Присутствует всюду, но остается невидим, пока сам не захочет показать себя человеческому глазу.
А потому бессмысленно вертеть головой по сторонам и напрягать зрение, вглядываясь в игру теней в листве кустарника и расщелинах камня. Расслабься, прикрой глаза и жди. Слушай Лес. Слушай шорох листвы и голоса невидимых тварей. Вдыхай аромат травы и ветерка, забравшегося сюда издалека. Ощути ласку невидимой паутины, опускающейся на твое лицо. Иногда тебе будет чудиться всякое — еле слышный звон колокольчиков и смешливый шепот, например. Или запах нагретого воска горящих свечей. Неслышный топот крошечных ног. Или еще что-нибудь. Не обращай внимания. Растворись в пространстве Леса и жди.
И если ты пришел туда, где ты нужен, если верно угадал время и место, то рано или поздно крохотная ручка потреплет тебя за рукав. Потом осторожно коснется пальцев...
Анна вздрогнула и открыла глаза.
* * *Тайри-Тойри стоял внизу, среди причудливых трав и нетерпеливо теребил ее руку.
— Здесь нельзя засыпать, Энни, — тихо, с укоризной в едва слышимом голосе напомнил он ей. — Если ты хочешь говорить с Хозяйкой — иди за мной...

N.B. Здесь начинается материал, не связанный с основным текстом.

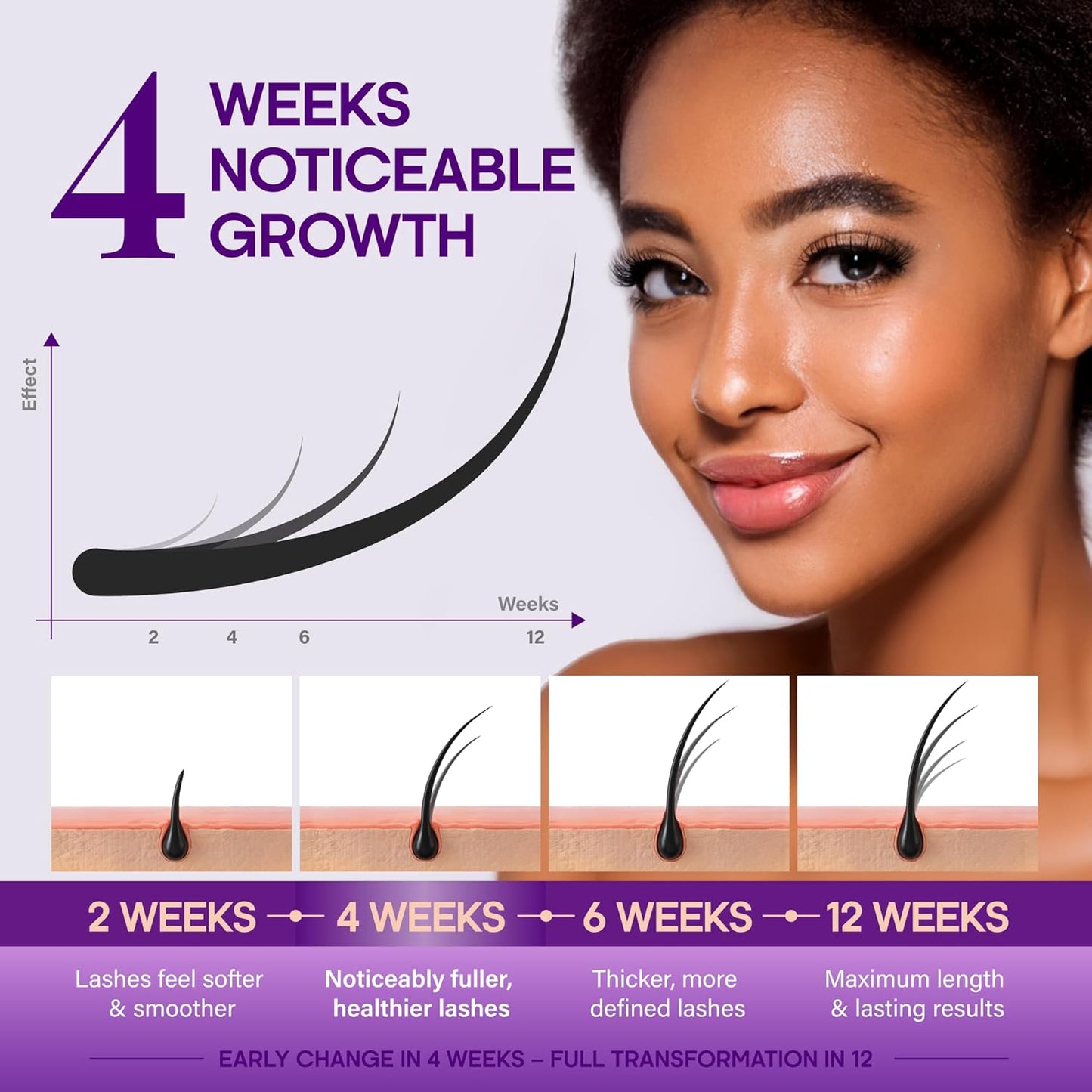 Lash Serum for Eyelash Growth – Pro Treatment with Keratin, Biotin & Peptides – Hyaluronic Acid, Creatine & Castor Oil – No Prostaglandins, Vegan, Non‑Irritating Formula for Longer, Fuller Lashes, 8ml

Анна осторожно поднялась с камня, достала из котомки загодя приготовленную тесьму и протянула ее кончик Тайри.
— Веди меня, — тихо произнесла она.
И чуть было не добавила «малыш». Но вовремя прикусила язык. Вслух Тайри и его соплеменников можно было называть — не обижая их — только лишь «пронырами», «работягами», «пострелятами» и всякими другими именами, не намекающими прямо на их физические размеры.